# [SUPPLIED RECORDS]
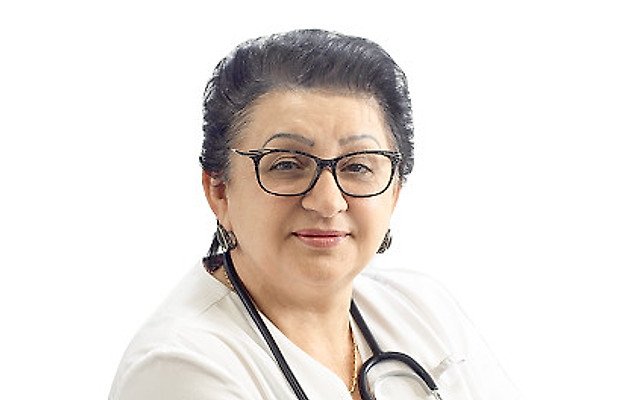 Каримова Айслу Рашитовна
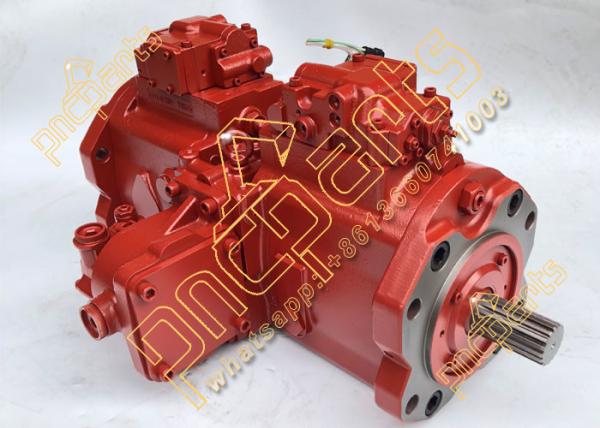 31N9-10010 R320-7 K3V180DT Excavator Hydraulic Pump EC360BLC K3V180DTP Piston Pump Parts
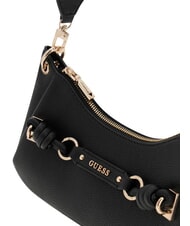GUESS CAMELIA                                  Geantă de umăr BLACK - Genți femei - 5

==

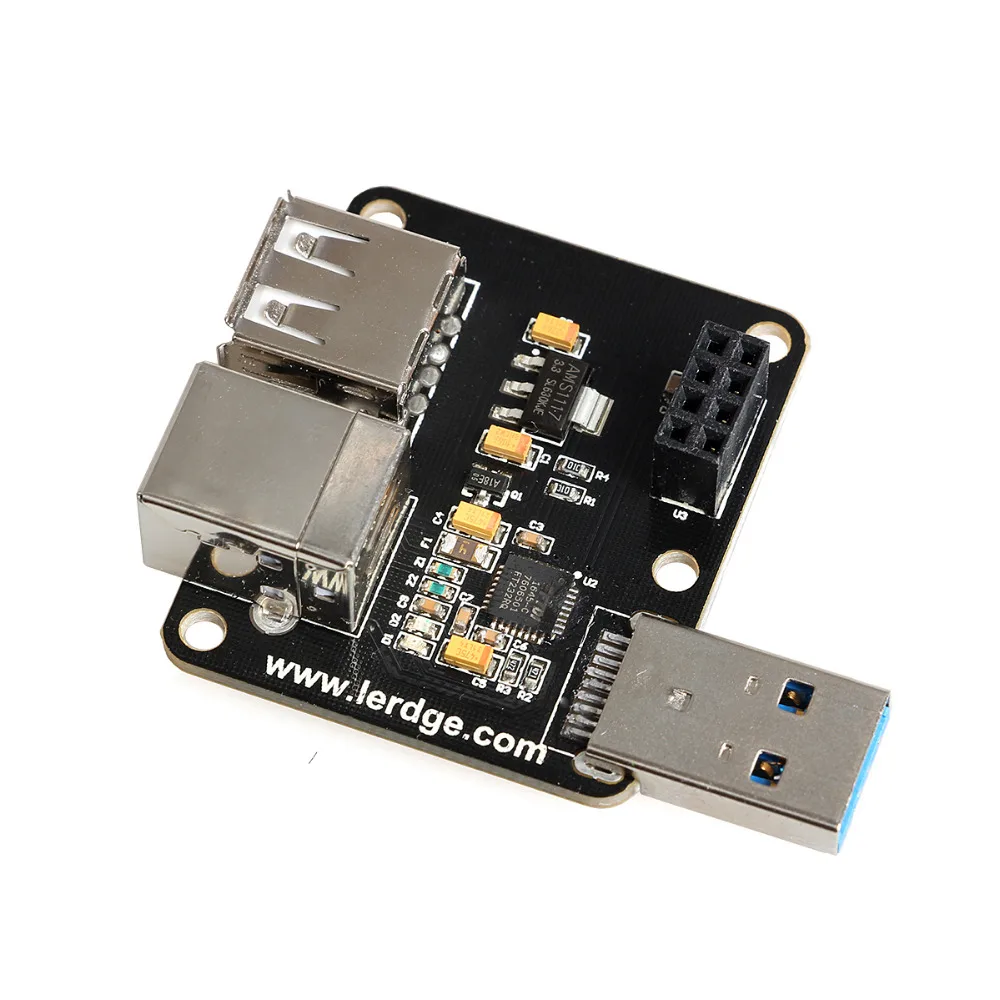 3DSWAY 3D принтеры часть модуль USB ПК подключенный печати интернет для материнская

==

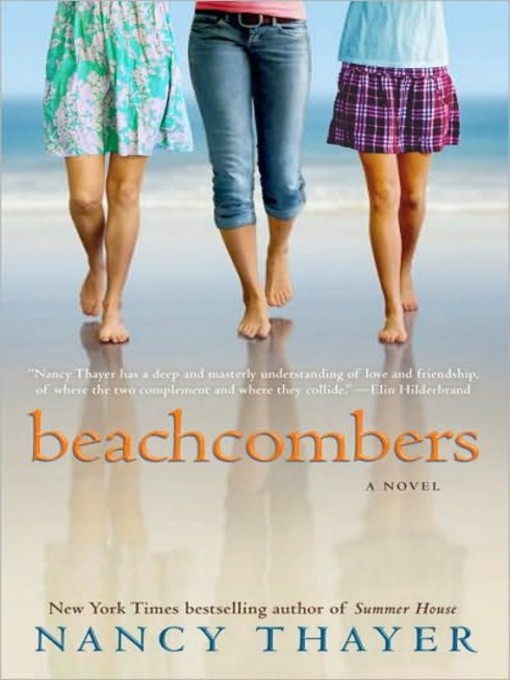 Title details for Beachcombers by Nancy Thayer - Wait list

# [WORK ITEM]
An exact copy is needed. It runs from the line above containing "Каримова Айслу Рашитовна" down to the line containing "Genți femei - 5", both included, with no pictures.

# [WRITTEN SOLUTION]
 Каримова Айслу Рашитовна
 31N9-10010 R320-7 K3V180DT Excavator Hydraulic Pump EC360BLC K3V180DTP Piston Pump Parts
GUESS CAMELIA                                  Geantă de umăr BLACK - Genți femei - 5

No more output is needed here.